Section 2: Punishment of persons behaving riotously or disorderly in the public streets.
Every person behaving in a riotous or disorderly manner in any public street or highway shall be liable to a fine not exceeding five rupees.
Section 7: Soliciting and acts of indecency in public places.
(a) Any person in or about any public place soliciting any person for the purpose of the commission of any act of illicit sexual intercourse or indecency, whether with the person soliciting or with any other person, whether specified or not;
(b) Any person found committing any act of gross indecency, or found behaving with gross indecency, in or about any public place.
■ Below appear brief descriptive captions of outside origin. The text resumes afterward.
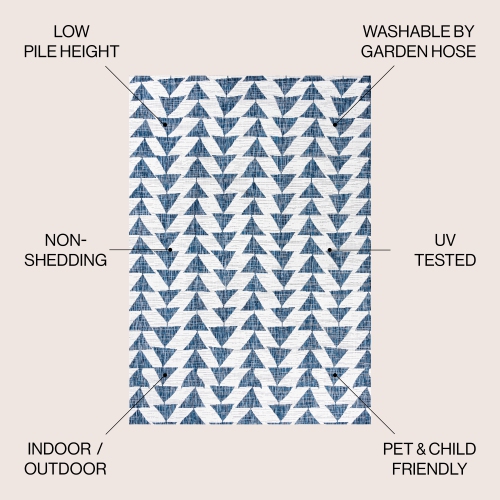 Tapis moderne à motif géométrique tribal andratx, intérieur/extérieur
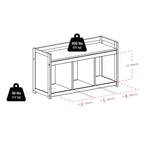 Addison 4-Pc Storage Bench with 3 Foldable Fabric Baskets - 37.4 W x 13.3 D x 20.8 H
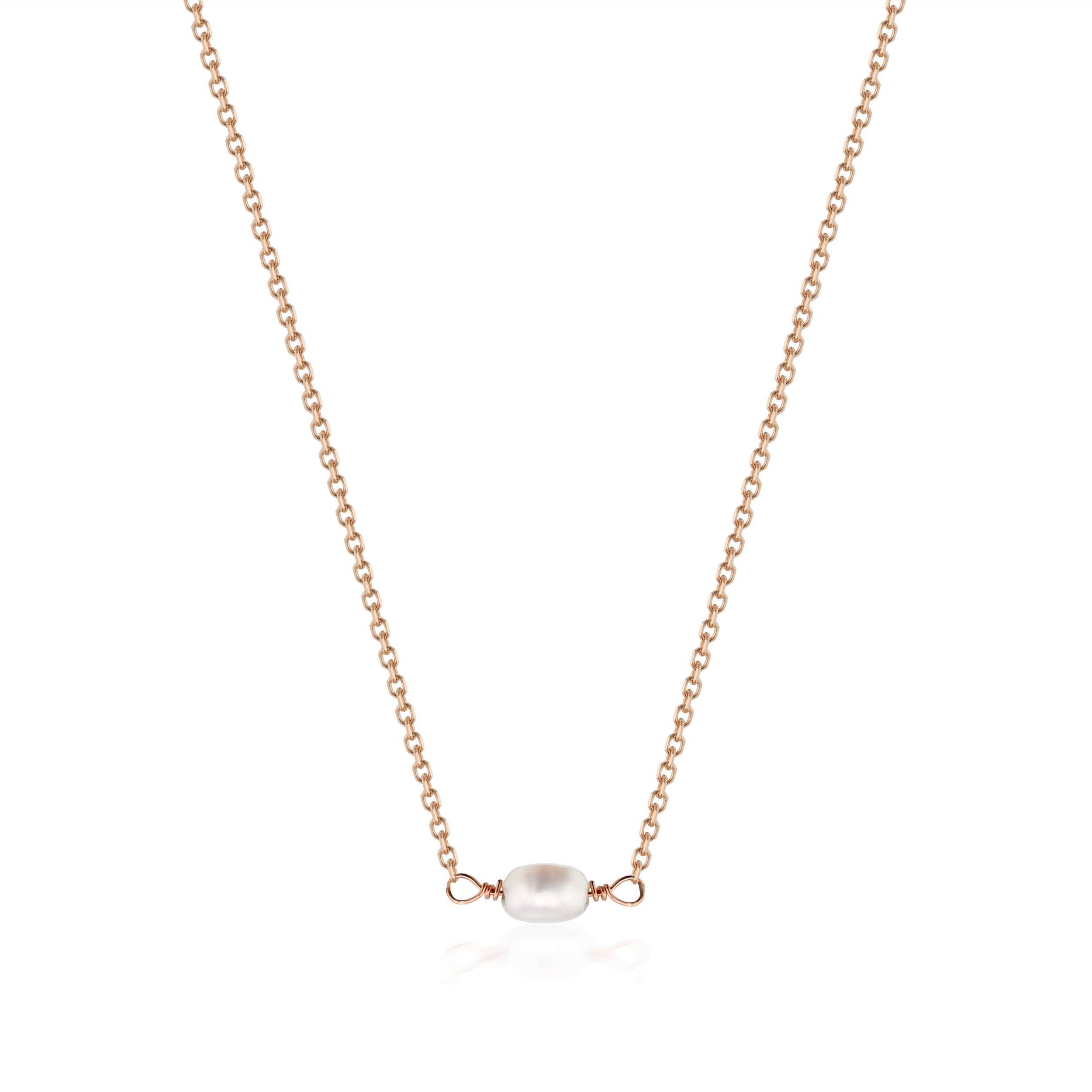 Vale Jewelry Seed Pearl Necklace Close-up in 14K Rose Gold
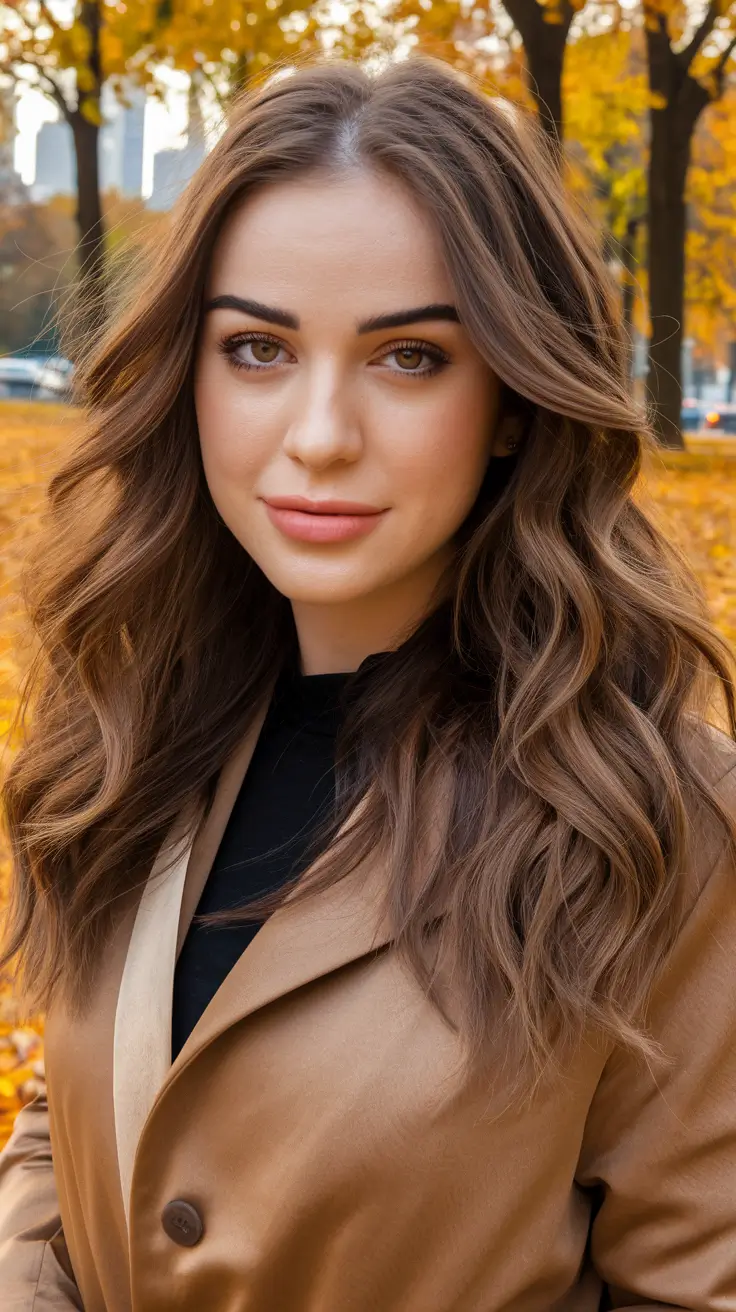 fall brown hair color brunettes Silky Soft Truffle Waves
Violence is perpetuated by almost everyone in the society, according to the participants. In particular, sex workers have faced violence from the police, some clients, their supervisors and even their partners (boyfriends and husbands). Police arrests of sex workers are very common, and often sex workers arrested by the police have their money taken away and are forced to have sex with the officers, before being sent to court and eventually to jail. One participant, a transgender sex worker, mentioned being undressed in the police station, where they cut off her long hair. Arrested two years ago, the memory still very vivid and painful.
“I was arrested by police six month ago, I was in police station for 3 days. Although according to the law, I would have to stay for 24 hours, I stayed for 3 days. During those 3 days I had to clean the police station and hundreds of cloths and had to have sex with many police men. They did not send me to court. After 3 days they released me from the police station, but those 3 days were very painful for me. Not much food, just work and sex. I would never forget those 3 days of my life.”
-- 25-year-old female sex worker
During the training, participants analyzed the motives for violence and identified the following as the main factors related to violence against sex workers:
Societal Acceptance & Actions
o Sex work is not accepted as an occupation.
o There is stigma and discrimination against sex workers and a negative perception of sex work in the society.
o There is no respect given to sex workers, and they are often dehumanized in society.
o Religious leaders perpetuate the negative opinion of sex works.
o Media negatively portrays sex work.
o Sex workers are perceived to be dangerous for the country/society.
o Sexual violence against sex workers is something to brag about by some men and can make them feel like and appear to be heroes among their peers.
Legal Protection, Rights and Advocacy
o There is no protection of human rights of sex workers, including protective laws for violence against sex workers.
o Sex work is criminalized by law, and sex workers are disempowered.
o Often there is no national ID card or proof of citizenship for sex workers.
o There is no program to end violence against sex workers, including lack of support from NGOs/INGOs/CBOs to stop violence.
o There are no complaint mechanisms in the country for sex workers and therefore no justice is given to sex workers who face violence.
Occupational Hazzard, sex workers face violence when:
o They reject someone who wanted to have sex.
o They are unable to fulfil the high sexual expectations of clients.
o Clients try to demonstrate that they have all the power.
o Clients use drugs.
o Clients don’t want to pay for the service and sex workers repeatedly ask for the money.
To end violence against sex workers in Sri Lanka, the participants worked together to make the following recommendations:
Advocate with key law enforcement members and educate police officers on the human rights of sex workers to end violence.
Build a strong network to increase solidarity, empowering sex workers to challenge human rights violations.
Reform the law and polices against of sex workers and advocate to decriminalize sex work.
Campaign against stigma and discrimination of sex workers through media awareness.
Document human rights violations and raise awareness of the issues with stakeholders.
Work with human rights organizations and collectively act in partnership with key stakeholders to support sex workers and develop strong programs to end violence against sex workers.
Violence against sex workers can be reduced but will be difficult to be completely eliminate. Therefore violence response mechanisms must be maintained and strengthened as an integral component of programs advocating for the protection of sex workers, including HIV programs.